Using either a stand mixer or hand held mixer, beat the butter, sugar and almond extract together until light and creamy.
1 c unsalted butter softened, ½ c sugar, 1 tsp pure almond extract
Gradually add in the orange zest, salt, and flour until it becomes a nice dough texture.
2 tsp orange zest, ¼ tsp kosher salt, 2⅓ c flour
Gather the dough up into a ball shape, wrap in plastic wrap and chill for 30 minutes.
While it's chilling prepare your work area. You can use a large cutting board or mat that has been lightly floured. Gather your baking sheet or sheets and line them with parchment paper or silicone mats.
After 30 minutes have passed, and you work area is prepared, preheat the oven to 350℉.
Place your dough ball onto the lightly floured surface (also rub some flour on your rolling pin) and roll the dough out to approximately ¼" thickness.
Cut out as many large hearts as you can with this piece of dough.

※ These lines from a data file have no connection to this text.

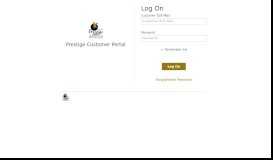 
							         Prestige Customer Portal: Log On								  
							    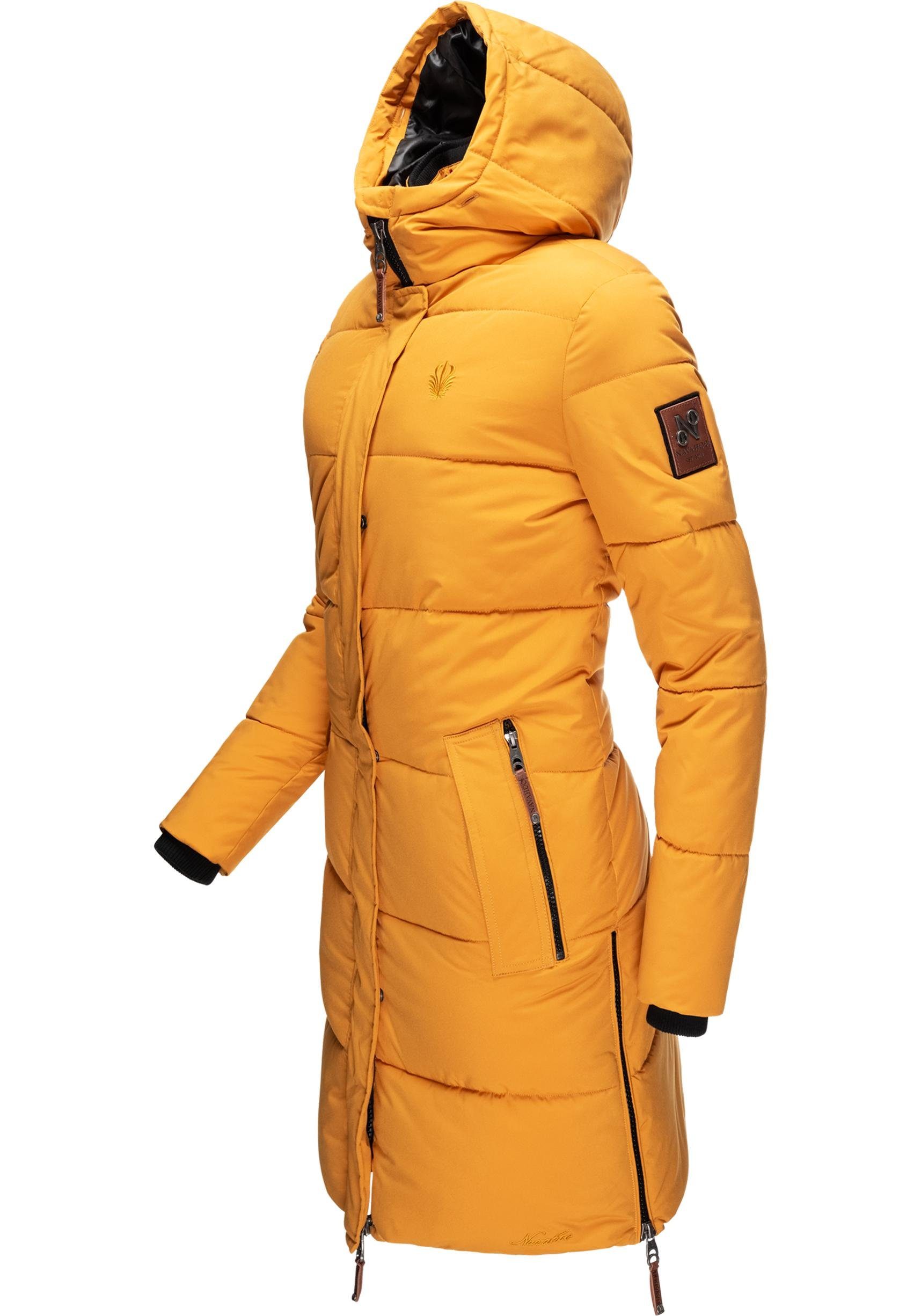 Navahoo Wintermantel Halina modischer Damen Winter Steppmantel mit Kapuze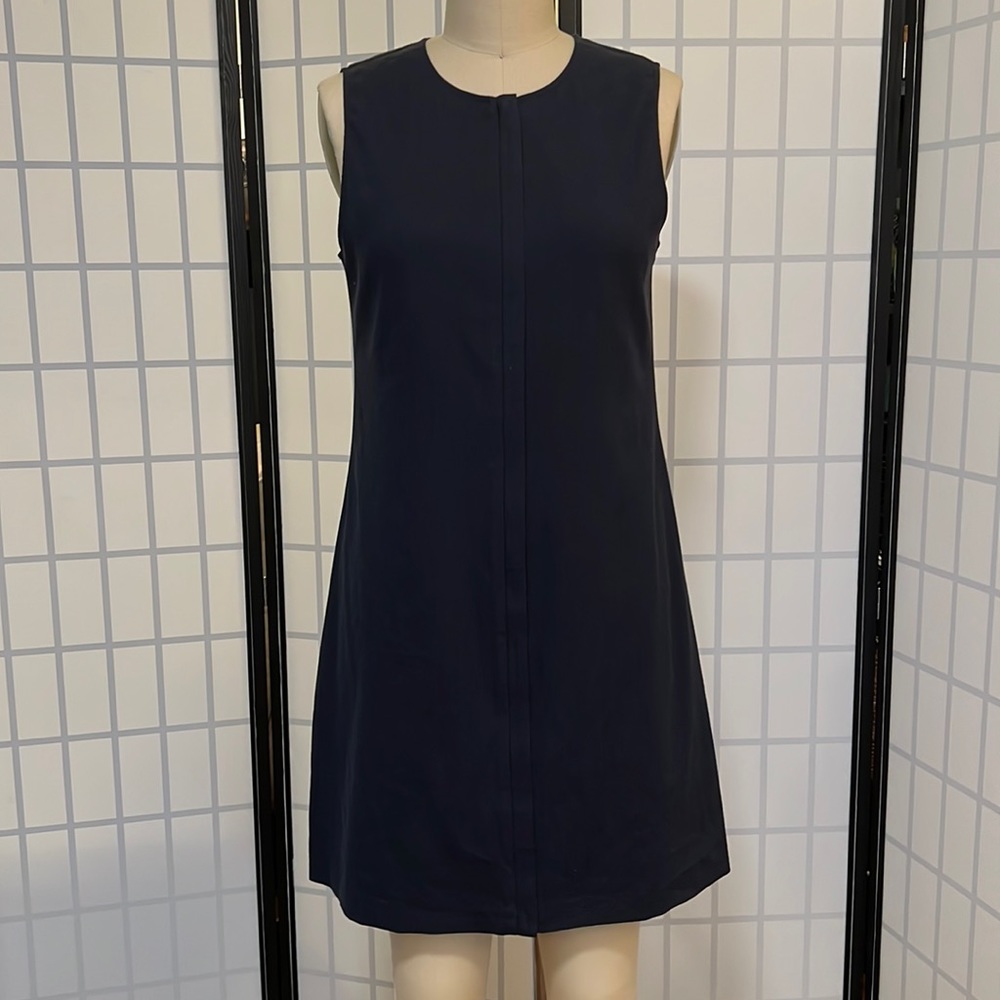 Theory shift dress with CF metal hidden zipper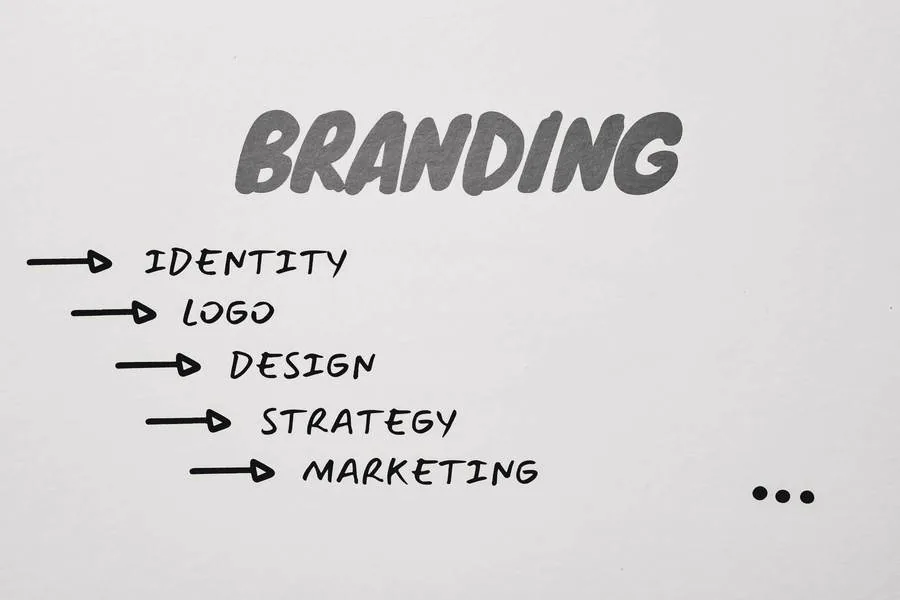 Written marketing strategy document on a desk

Place 6 of the large hearts on your baking sheet and then use your smaller heart cookie cutter and cut small heart out of the center or 6 of the remaining large hearts. Place 6 of those on the baking sheet as well.
Continue with this process using all of the remaining dough.
Place the cookies in the preheated oven for 7-9 minutes until they just start to brown slightly.
Remove them from the oven and cool completely.
Separate the solid hearts from the heart rings. The heart rings you will now dust with powdered sugar.
¾ c powdered sugar
Spread the raspberry jam onto the solid hearts and then place the powdered sugar heart rings on the top. Serve and enjoy!!